El sistema unifica indicadores de 120.000 niños y niñas menores de seis años, con el objetivo de visibilizar las brechas sociales existentes. Según los datos presentados, el 32% de la infancia entrerriana reside en hogares bajo la línea de pobreza, mientras que el 62% de los hogares con menores enfrenta algún tipo de carencia básica. Estas cifras surgieron de la articulación con el Censo 2022 y relevamientos locales recientes.
La plataforma permite realizar consultas interactivas por departamento y localidad, facilitando el monitoreo de variables críticas como la mortalidad infantil, los esquemas de vacunación y el acceso a jardines maternales.
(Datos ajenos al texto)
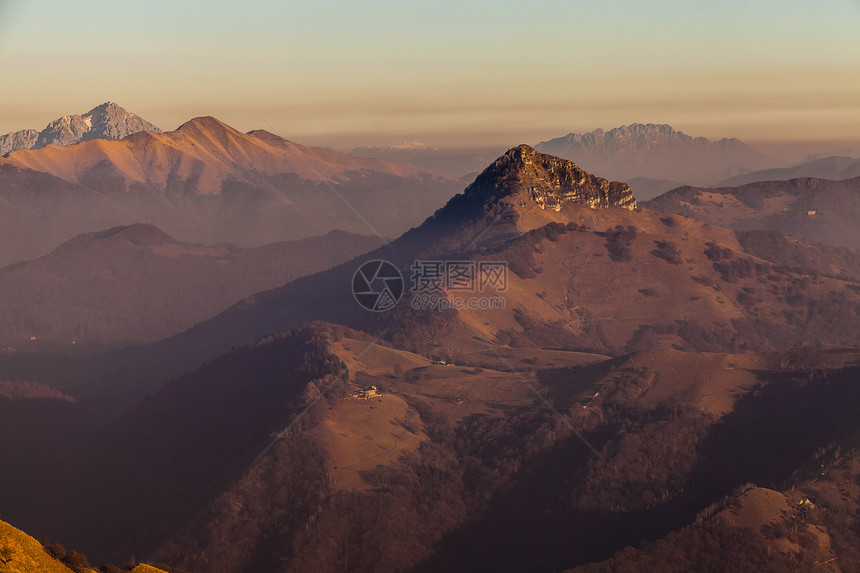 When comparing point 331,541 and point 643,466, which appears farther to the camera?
point 643,466

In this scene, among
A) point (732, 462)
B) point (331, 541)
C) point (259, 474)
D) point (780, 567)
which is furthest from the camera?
point (259, 474)

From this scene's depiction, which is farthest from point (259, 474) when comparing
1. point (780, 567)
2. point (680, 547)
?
point (780, 567)

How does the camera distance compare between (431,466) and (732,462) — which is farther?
(431,466)

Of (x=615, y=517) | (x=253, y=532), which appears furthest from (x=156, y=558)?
(x=615, y=517)

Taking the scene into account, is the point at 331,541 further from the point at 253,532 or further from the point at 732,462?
the point at 732,462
Durante el acto en Casa de Gobierno, se destacó que en las zonas rurales el riesgo nutricional alcanza al 35% de los menores de seis años, una cifra que exige intervenciones territoriales urgentes.
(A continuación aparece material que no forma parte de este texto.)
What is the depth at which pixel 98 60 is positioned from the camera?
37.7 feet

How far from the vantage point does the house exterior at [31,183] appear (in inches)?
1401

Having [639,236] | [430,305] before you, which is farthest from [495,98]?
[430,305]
El desarrollo tecnológico fue realizado con recursos propios y cuenta con el respaldo técnico de organismos como UNICEF Argentina, el CONICET y el Ministerio de Capital Humano de la Nación. El OPIER se integra formalmente al Observatorio de Políticas de Infancia (OPIS) nacional, lo que posiciona a la provincia como un referente en la gestión de políticas públicas basadas en evidencia.
La secretaria de Niñez provincial, María Eva Koutsovitis, explicó que la herramienta facilitará a los municipios la toma de decisiones en tiempo real. Mediante mapas interactivos, los funcionarios podrán identificar las zonas con mayores niveles de desprotección para asignar recursos de manera directa. La plataforma ya se encuentra disponible para su consulta en el sitio oficial del gobierno entrerriano.
La digitalización de estos indicadores sociales expone una realidad compleja que la provincia deberá gestionar con recursos concretos. Ante la precisión de los datos obtenidos, queda por ver si las administraciones locales lograrán transformar estas estadísticas en programas que reduzcan efectivamente la pobreza infantil en el corto plazo.